The forces on the block of mass m₁ are its weight m₁g, normal reaction from the inclined plane N₁, and the reaction from the second block R.

Similarly, forces on the block of mass m₂ are m₂g, N₂, R, and the frictional force f. If $$\theta$$ is slowly increased, f starts increasing and attains its maximum value f = $$\mu$$N₂ at $$\theta$$ = $$\theta$$_r (angle of repose). The blocks are stationary if $$\theta$$ $$\le$$ $$\theta$$_r otherwise they are moving.
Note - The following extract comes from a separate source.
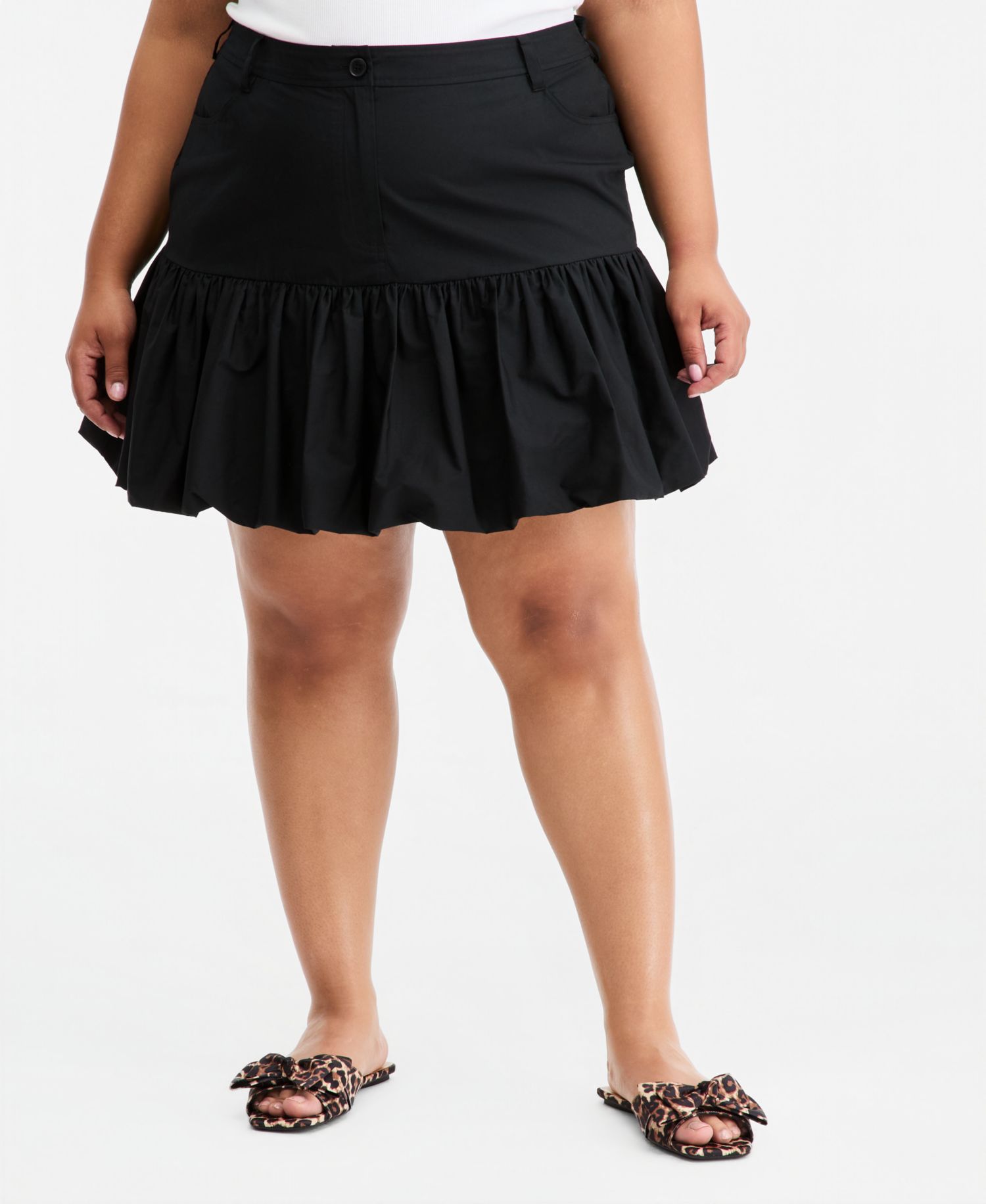 Trendy Plus Size High-Rise Drop-Waist Bubble-Hem Skirt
Consider the limiting case, $$\theta$$ = $$\theta$$_r, when the blocks are at rest and

$$f = \mu {N_2}$$ ...... (1)

Apply Newton's second law to m₁,

$$R = {m_1}g\sin \theta $$ ....... (2)

$${N_1} = R = {m_2}g\cos \theta $$ ....... (3)

and to m₂,

$$f = R + {m_2}g\sin \theta $$ ...... (4)
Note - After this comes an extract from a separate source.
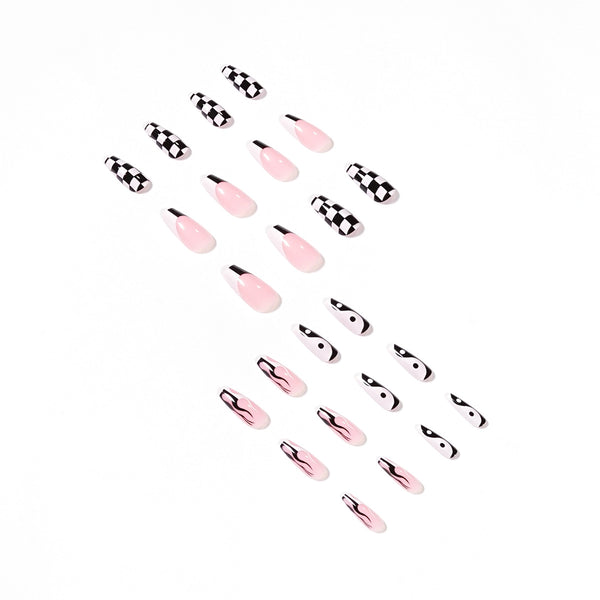 12 Sizes-24 Pcs Press On Nails JP1337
$${N_2} = {m_1}g\cos \theta $$ ...... (5)

Eliminate R, N₂ and f from equations (1)-(5) to get

$${\theta _r} = {\tan ^{ - 1}}\left( {{{\mu {m_2}} \over {{m_1} + {m_2}}}} \right) = {\tan ^{ - 1}}\left( {{{0.3 \times 2} \over {1 + 2}}} \right)$$

$$ = {\tan ^{ - 1}}(0.2) = 11.5^\circ $$

Thus, for $$\theta$$ = 5$$^\circ$$ and $$\theta$$ = 10$$^\circ$$, blocks are at rest with frictional force

$$f = R + {m_2}g\sin \theta = ({m_1} + {m_2})g\sin \theta $$

For $$\theta$$ = 15$$^\circ$$ and $$\theta$$ = 20$$^\circ$$, blocks are moving with frictional force

$$f = \mu {N_2} = \mu {m_2}g\cos \theta $$, (limiting value).